Sat, 2017-Sep-16 01:15 UTC
Length - 3:54
Welcome to featured Wiki of the Day where we read the summary of the featured Wikipedia article every day.
The featured article for Saturday, 16 September 2017 is Gumbo.
Gumbo is a stew that may have originated in West Africa or was a traditional stew of the Choctaws served over corn grits and today is more known for being a dish in the state of Louisiana in the 18th century. It consists primarily of a strongly-flavored stock, meat or shellfish, a thickener, and what Louisianians call the "Holy Trinity" of vegetables, namely celery, bell peppers, and onions. Gumbo is often categorized by the type of thickener used, the vegetable okra, the Choctaw spice Kombo powder (dried and ground sassafras leaves), or roux, the French base made of flour and fat. The dish likely derived its name from either a word from a Bantu language for okra (ki ngombo) or the Choctaw word for filé (kombo).
Regardless of the name origins, Gumbo can be made with or without Okra or Filé powder.
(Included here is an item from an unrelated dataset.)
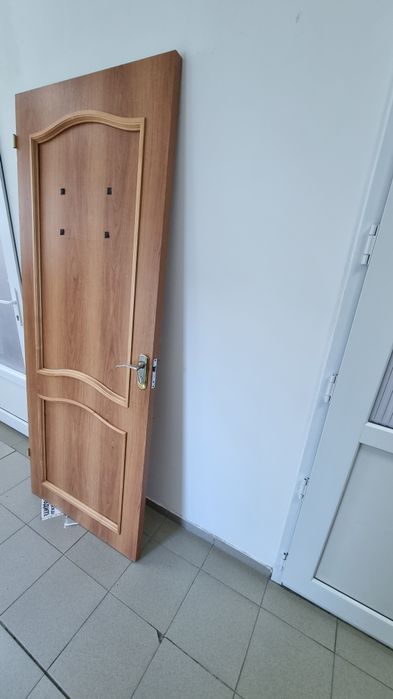 Продам меж комнатные двери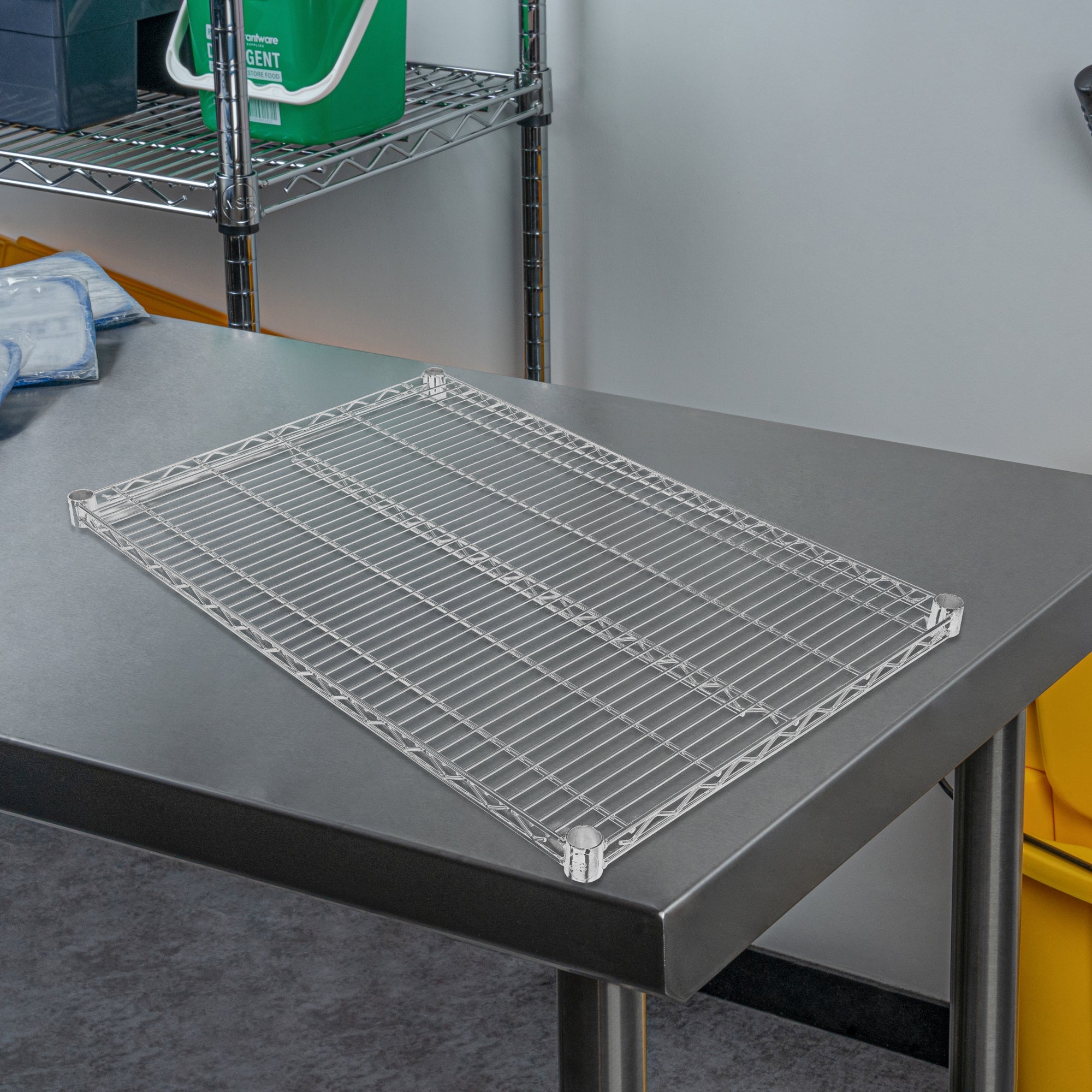 Chef 101 NSF Chrome Shelf - 24" x 36" - 4 count box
The preferred method in the historical New Orleans variation is with a French dark roux. The flavor of the Louisiana state dish has its origin in many cultures.
Several different varieties exist. Creole gumbo generally contains shellfish, tomatoes, and a dark roux, filé, or both. Cajun gumbo is generally based on a dark roux and is made with shellfish or fowl. Sausage or ham is often added to gumbos of either variety. After the base is prepared, vegetables are cooked down, and then meat is added. The dish simmers for a minimum of three hours, with shellfish and some spices added near the end. If desired, filé powder is added after the pot is removed from heat. Gumbo is traditionally served over rice. A third, lesser-known variety, the meatless gumbo z'herbes, is essentially a gumbo of slow-cooked greens.
The dish combines ingredients and culinary practices of several cultures, including French, Spanish, German, Filipino, West African, and Choctaw. Gumbo may have been based on traditional West African or native dishes, or may be a derivation of the French dish bouillabaisse, or Choctaw stew, but most likely all three dishes contributed to the original recipe. It was first described in 1802, and was listed in various cookbooks in the latter half of the 19th century. The dish gained more widespread popularity in the 1970s, after the United States Senate cafeteria added it to the menu in honor of Louisiana Senator Allen Ellender. The popularity of chef Paul Prudhomme in the 1980s spurred further interest in gumbo. The dish is the official cuisine of the state of Louisiana.
This recording reflects the Wikipedia text as of 01:15 UTC on Saturday, 16 September 2017.